There are two parts to this question: (1) Why do we measure angles anticlockwise? (2) Why do we take the zero degree line to be along the $x$-axis.

• I don't know the history but now I'm curious too - good question! Before Descartes, presumably there was already a standard depiction of the number system as a horizontal line, with direction of increase being to the right as that's the direction of writing in Europe. (In versions of software localized for Semitic languages, the direction of increase is R->L, and e.g. the order of "OK Cancel" buttons gets reversed.) Perhaps Descartes built upon the existing 1D portrayal and used the next available dimension. Whether here or in Arabia, the vertical direction of increase is up, not down. (cont) – BrianO Oct 30 '15 at 3:21
• @BrianO: The cultural aspect never occurred to me! – copper.hat Oct 30 '15 at 3:25
• Given that orientation, and sin, cos and tan being what they are, it seems the direction of increase for angles has to go from $\theta=0$ at $(1,0)$ to $0 < \theta < \frac {\pi} 2$ in the first quadrant -- hence, counterclockwise. // This all sounds plausible, anyway to me(!)... but take with a boulder of salt: I've never read Descartes on analytic geometry, nor checked out manuscripts of Nicolas of Cusa, etc. – BrianO Oct 30 '15 at 3:25
• @BrianO sounds very plausible. – Ben Grossmann Oct 30 '15 at 12:08
• This question has essentially been asked and answered on History of Science and Mathematics over here. The post there was inspired by the same ME.SE post. I suggest to merge this post with the HSM post. – Danu Oct 30 '15 at 21:08

## 3 Answers

This is by no means answering the question as it is. However, It is just to give a historical piece (taken from "The history of Stokes' Theorem" written by Katz) that might come handy when thinking of the first part of the question (CW vs. CCW or ACW).
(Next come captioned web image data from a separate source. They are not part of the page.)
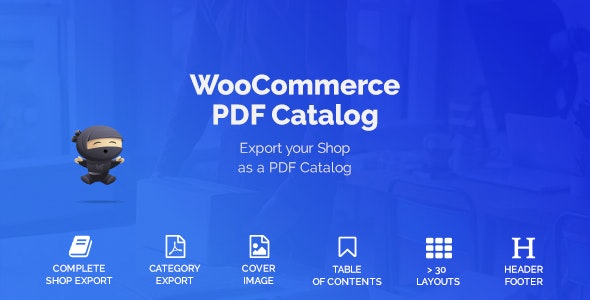 PDF Catalog WooCommerce 1.18.10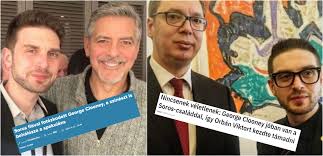 Maybe you would like to learn more about one of these? Tudjak Ki Pozolt Meg George Clooney Mellett Soros Fiaval Delhir Portal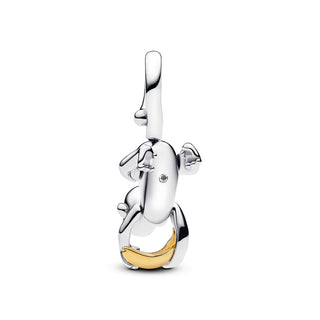 Pandora Charm Pendente Scimmietta con Zampe Mobili- 763343C01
As it can be seen, Green's theorem as introduced by Cauchy is undecided about the orientation of the curve.

I repeat that I didn't attempt to answer the question as asked. I just try to extend the question a bit hoping that it helps us to find the answer (if any) to the original question.

We measure the angles with the $x$-axis. So one of the arm of the angle is $x$-axis and the other arm is also on $x$-axis if the angle is zero. This is why we take zero degree line along the $x$-axis.

In rectangular coordinate system we have four quadrants. Now we move the second arm which is fixed to the origin. When we move the second arm in counter clockwise direction then we have pattern of going from quadrant I-II-III-IV.

In history mathematicians worked on height and distance problems in which they were required to find height of a tower(say) without directly measuring it. In those problems they required to find the angle between the line of sight(seeing the highest point on the tower) and the surface of Earth. This means we go counter clockwise for measuring the angle.

Today we have coordinate transformation so we can always define everything in new coordinate system according to are convenience.

In my class text book of mathematics while doing trigonometry I found this problem and I searched for the solution. Above thing is what I got while searching for the solution.

• I would suspect that the sun and astronomy would have had a greater influence on convention. In any case, the above doesn't show why you would measure angles in an anticlockwise manner. – copper.hat Oct 30 '15 at 3:46

It is perhaps "natural" to adopt these two conventions:

1. The zero angle "should" correspond to the positive $$x$$-axis.
2. Small but positive angles "should" be in the quadrant where $$x$$ and $$y$$ are positive.

Given that we also adopt the convention that the $$x$$-axis points rightwards and the $$y$$-axis points upwards, the anticlockwise convention then also necessarily follows.